The president of complaint-plagued Continental Airlines said yesterday that the airline is recovering rapidly from service problems that resulted from its consolidation of People Express, New York Air and Frontier Airlines.
"A safe, reliable high-value product is what Continental continues to provide," said Thomas Plaskett, who testified before the House aviation subcommittee yesterday.
But Plaskett encountered some skepticism from members of the committee. "To be brutally frank, it seems to me, listening to my colleagues and constituents, what you're telling me is hard to square with that," said Chairman Norman Y. Mineta (D-Calif.).
Mineta noted that Continental and Eastern Air Lines, both owned by Texas Air Corp., accounted for almost half of the complaints about airline service filed with the Department of Transportation last month. Continental also had by far the highest rate of complaints -- 21.39 per 100,000 passengers -- in May, more than double second-place Eastern's 10.11 and third-place Trans World Airlines' 8.68, according to DOT figures.
Plaskett said that many of those complaints reflected problems that had occurred earlier. He also attempted to pin some of the complaints on competitors.

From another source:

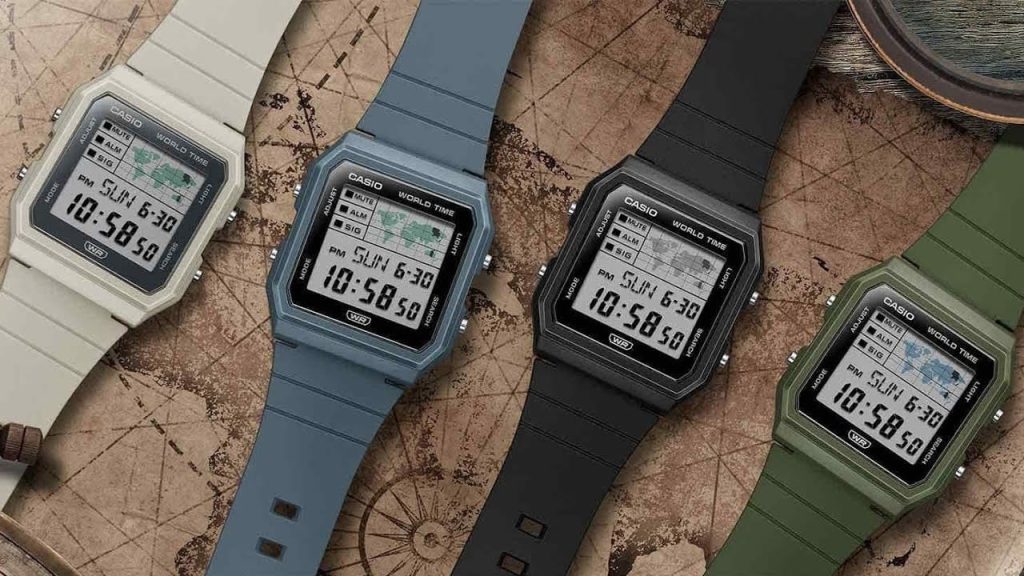 Casio LF-30W: Jam Tangan Digital Klasik Lengkap Dengan Peta Dunia di Layar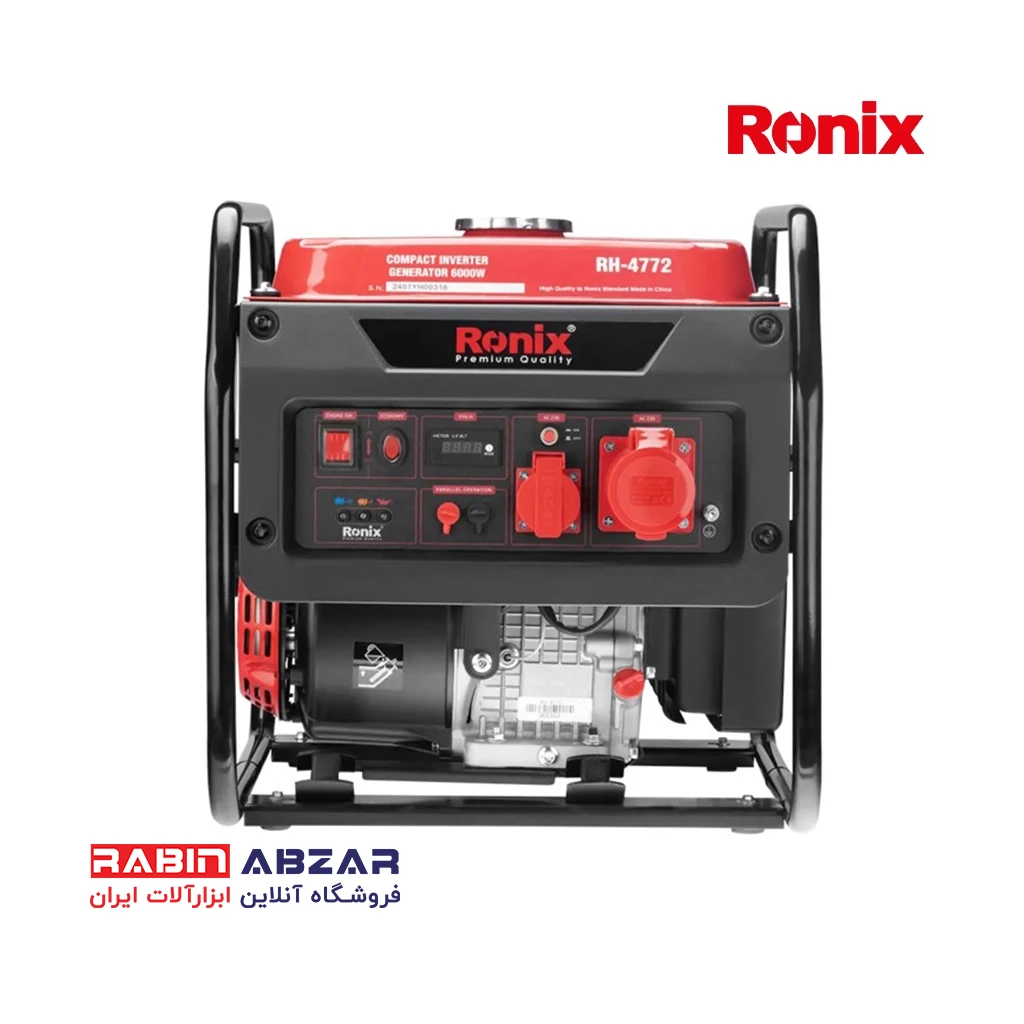 موتور برق ( ژنراتور ) بنزینی 6 کیلو وات اینورتری رونیکس - RONIX - RH - 4772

Plaskett said that Continental "has been the target of competitor actions which might exceed the bounds of fair play." For instance, he said, notices had appeared on bulletin boards at a competing airline that urged employes not to jam Continental's toll-free complaint number. The effect of the memo, which reprinted the number, was actually to encourage such actions, he said.
Plaskett and virtually every other witness said that consumers are increasingly demanding better service of airlines. "I believe we are entering a new phase of deregulation . . . a new service-competition phase," he said.
Several members of Congress have introduced legislation aimed at improving airline service. "Airline passengers are outraged and are demanding that Congress and the Executive Branch do whatever is necessary to improve the situation," Mineta said.
"The public perception that airline service has 'gone to hell' is unfortunate because there are significant differences in the service levels and practices of various airlines," said Robert L. Crandall, American Airlines' chairman and president.
American and Continental have both proposed that airlines provide more information about how well they perform in several service-related areas. DOT has proposed such a requirement.
"Air travel is no longer an enjoyable experience in many cases," said Rep. Newt Gingrich (R-Ga.).